= Virtual surround =

Systems designed to simulate surround sound using fewer loudspeakers

Virtual surround is an audio system that attempts to create the perception that there are many more sources of sound than are actually present. In order to achieve this, it is necessary to devise some means of tricking the human auditory system into thinking that a sound is coming from somewhere that it is not. Most recent examples of such systems are designed to simulate the true (physical) surround sound experience using one, two or three loudspeakers. Such systems are popular among consumers who want to enjoy the experience of surround sound without the large number of speakers that are traditionally required to do so.

==Types==
A virtual surround system must provide a means for 2-dimensional imaging of sound, using some properties of the human auditory system. The way that the auditory system localises a sound source is a topic that is studied in the field of psychoacoustics. Thus, virtual surround systems use knowledge of psychoacoustics to "trick" the listener. There are several ways in which this has been attempted.

===Using HRTFs===
Some methods use knowledge of head-related transfer function (HRTF). With an appropriate HRTF, the signals required at the eardrums for the listener to perceive sound from any direction can be calculated. These signals are then recreated at the eardrum using either headphones or a crosstalk calculation method. The disadvantage of this approach is that it is very difficult to get these systems to work for more than one listener at a time.

===Using reflections===
Some virtual surround systems work by directing a strong beam of sound to reflect off the walls of a room so that the listener hears the reflection at a higher level than the sound directly from the loudspeaker. One example of this technology is a commercially available Digital Sound Projector by Cambridge Mechatronics (formerly 1 Ltd). It employs 40 micro drivers and 2 woofers as well as projection technology to control the direction of the sound. The micro drivers' sound is focused into groups of "beams" that reflect off the room's walls. The center channel's sound is projected directly to the listening position. Another example is S-Logic marketed by the German headphones manufacturer Ultrasone. With this technology (which may also be considered a hybrid of HRTF and reflection-based methods), decentralized transducer positioning is used to spread sound over the outer ear in an attempt to mimic sound heard over speakers.
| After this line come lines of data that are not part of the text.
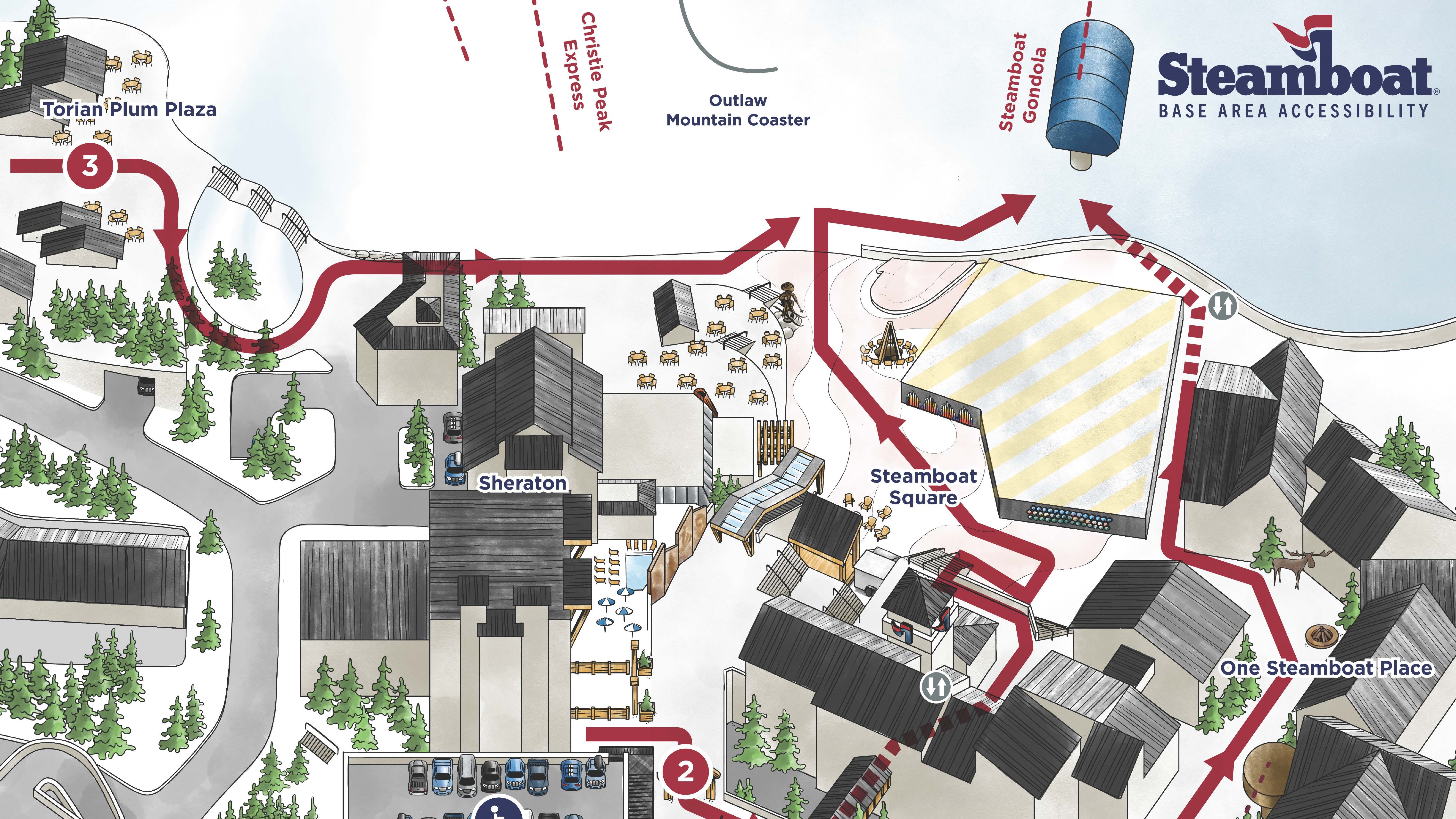Trails and Maps at Steamboat Ski - Sbt Base Area Map Ada Cropped 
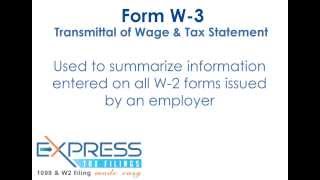 Form W-3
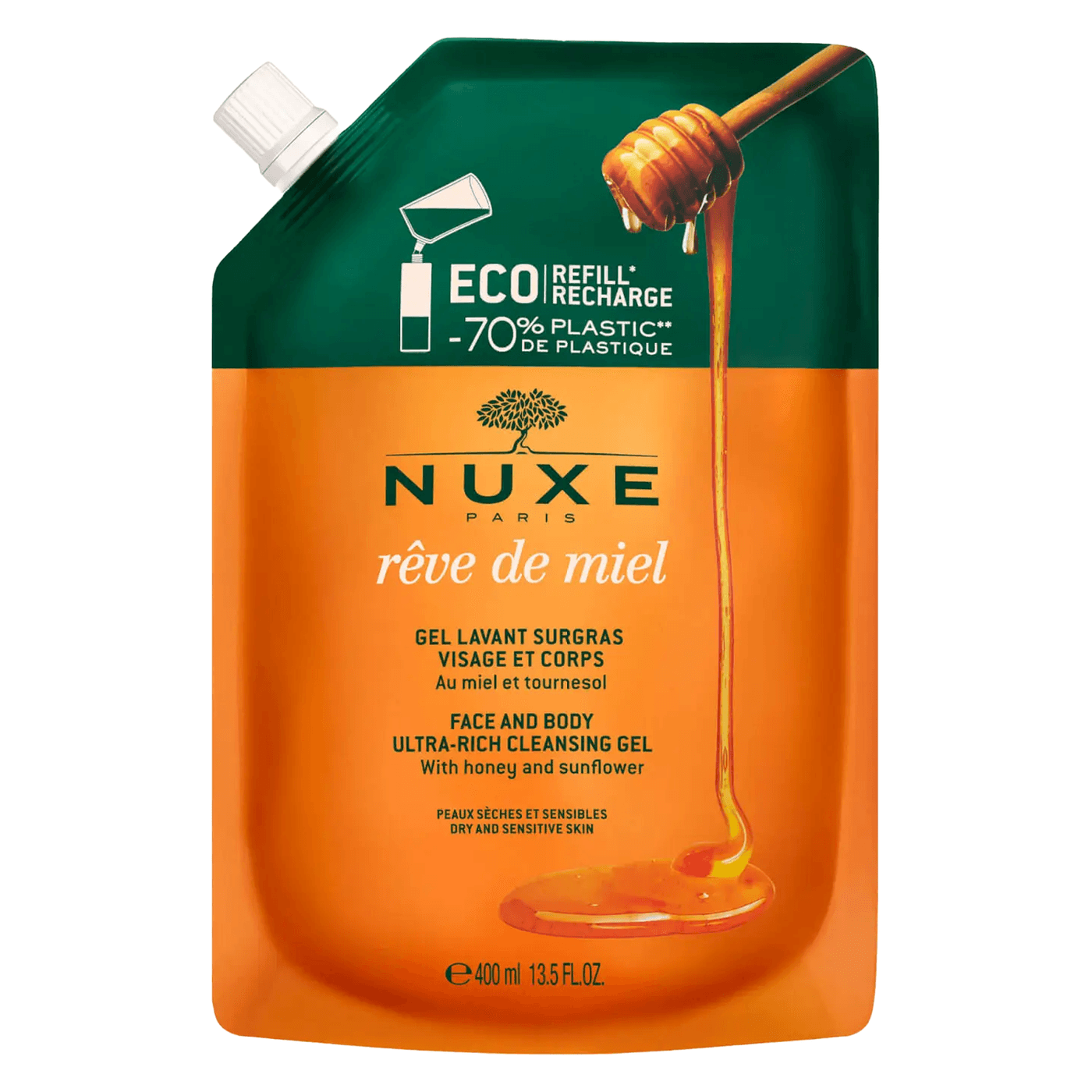 Rêve De Miel - Gel Surgras Visage Et Corps Eco-Recharge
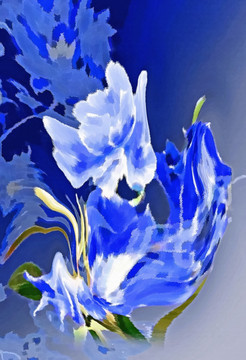 色彩 抽象 裝飾畫 油畫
For virtual surround to be effective, the room should be both physically symmetrical about the perpendicular to the line between the speakers, and the absorbing characteristics of the left and right walls. An absorptive piece of furniture close to one speaker, and not matched on the other side, will cause the sound field to shift to the "live" side of the room. The resulting "sound stage" is affected by asymmetry.

===Creating a diffuse source===
Perception of direction is greatly affected by the relative time that a sound arrives at each ear and any difference in the amplitude of a sound at each ear. It is possible to create a sound source having an output characteristic which is rapidly varying with direction and frequency of signal. These kinds of sources create sound fields that are rapidly variable around the listener's room. These are often referred to as diffuse sources, this is because their output resembles a diffuse sound field — a sound field where soundwaves are traveling in all directions with equal probability. In a diffuse field the sound at each of a listener's ears is so completely different that it is impossible for the brain to work out where the sound has come from. A diffuse source located in front of the listener will be hard to localize and can be used to carry the surround signals.